Quintessence de la féminité ?
Le premier est le plus connu et je l’ai découvert il n’y a finalement que quelques années car j’étais, allez savoir pourquoi, passé à côté malgré sa célébrité. Vous l’aurez reconnu, il s’agit de « L’Heure Bleue » créé par Jacques Guerlain en 1912 et qui, malgré des reformulations, existe toujours et en trois concentrations s’il vous plait ! À mi-chemin entre un oriental et un réel floral, il est la photographie d’une époque aujourd’hui révolue où le parfum qui finira dans un circuit grand public était une vraie création originale. Il est comme les parfums de cet époque, c’est une formule longue, complexe, intense et particulièrement opulente. Il oscille entre un départ très bergamote avec une note anisée, un coeur qui est un bouquet floral intense. Pour ma part, je sens beaucoup l’héliotrope, la violette et la rose avec peut-être un petit accent de tubéreuse. Le fond est irisé, vanillé avec des notes de fève tonka et de bois de santal et un musc animal aujourd’hui remarquablement reconstitué par la chimie. Je pense que Jacques Guerlain s’est beaucoup inspiré de parfums de l’époque, notamment certains créés pour la cour du tsar Nicolas II et il en a livré une version sublimée. Je pense qu’il était particulièrement doué pour inventer quelque chose d’inédit en partant d’une base plus classique. Aujourd’hui, je dois dire que la version que je préfère est, sans surprise, l’extrait mais son coût est très élevé. L’eau de parfum est un bon compromis mais je suis moins attiré par l’eau de toilette car je la trouve un peu trop simplifiée. C’est une splendeur n’ayons pas peur des mots mais il est pour moi, vraiment à connotation féminine même si la talentueuse parfumeuse Delphine Thierry affirme, dans un documentaire dédié à Lubin qu’elle l’a senti sur la peau d’un homme et qu’elle l’a trouvé merveilleux. Peut-être un jour assumerais-je « L’Heure Bleue »… Qui peut le dire ?

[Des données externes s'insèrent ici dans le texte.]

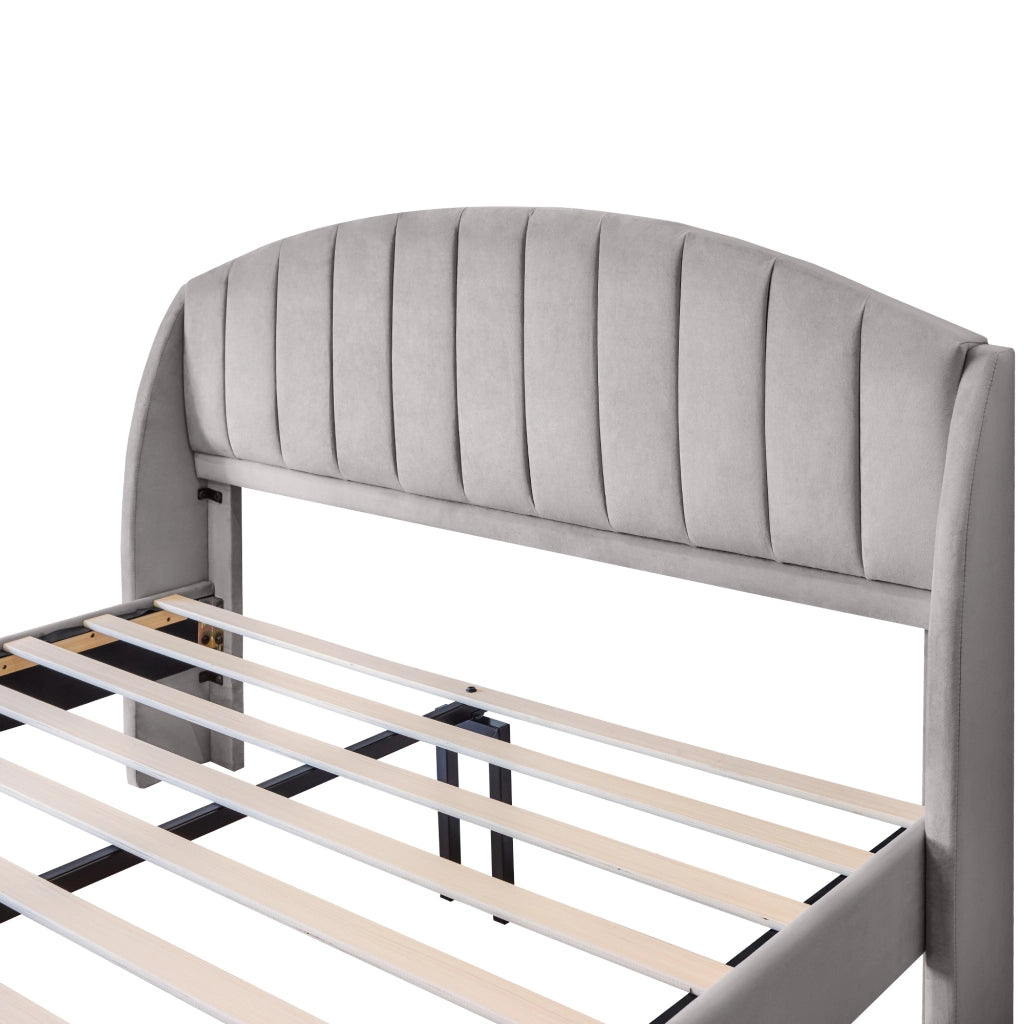 Letto Matrimoniale 160×200 cm con Testiera Imbottita; senza Materasso; in Velluto; Grigio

Le second qui me vient à l’esprit est la reformulation et la réédition de 2018 du très ancien « Elisabethan Rose » de Penhaligon’s. Lorsque je l’ai découvert (merci Noëlle) à sa sortie, j’ai été, non seulement séduit mais complètement conquis par ce faux soliflore absolument dingue. L’ouverture de fruits secs, noisette et amande, conduit sur un coeur qui est une explosion de rose blanche, de rose de mai, d’huile essentielle de rose et de rose de Bulgarie, rien que ça ! Il est associé à des notes de lys rouge et de prune (tiens tiens) avec des accents de cassis et de géranium et se pose sur un fond d’iris et de violette soutenu par un magnifique vétiver. Pour moi c’est « la » rose la plus extraordinaire que j’ai pu sentir et je pèse mes mots. Addictif, classique, ce clin d’oeil à la guerre des deux roses est, pour moi, l’une des plus belles réussites de la parfumerie britannique mais aussi mondiale. Je n’avais jamais senti de solinote rose aussi facetté, aussi riche et aussi séducteur. Curieux comme je suis, je l’ai essayé sur ma peau et j’ai été complètement sous le charme durant des heures. J’y suis revenu très très souvent. Vraiment je l’adore mais je ne me verrais pas le porter car il est, pour moi, vraiment le sillage d’une femme élégante et seulement cela. Sur une fille jeune, il peut également être parfait car, si elle le porte avec une tenue décontractée, elle renforcera une classe naturelle et si elle veut se vieillir un peu pour un rendez-vous romantique, elle fera sensation; Sur une femme plus mûre et plus affirmée, il s’imposera comme une évidence, comme un paroxysme du chic. « Elisabethan Rose » est, pour moi, vraiment une complète réussite. Je ne suis pas loin de dire que je trouve que c’est un chef d’oeuvre et je regrette que la marque ne communique pas sur le parfumeur qui l’a reformulé.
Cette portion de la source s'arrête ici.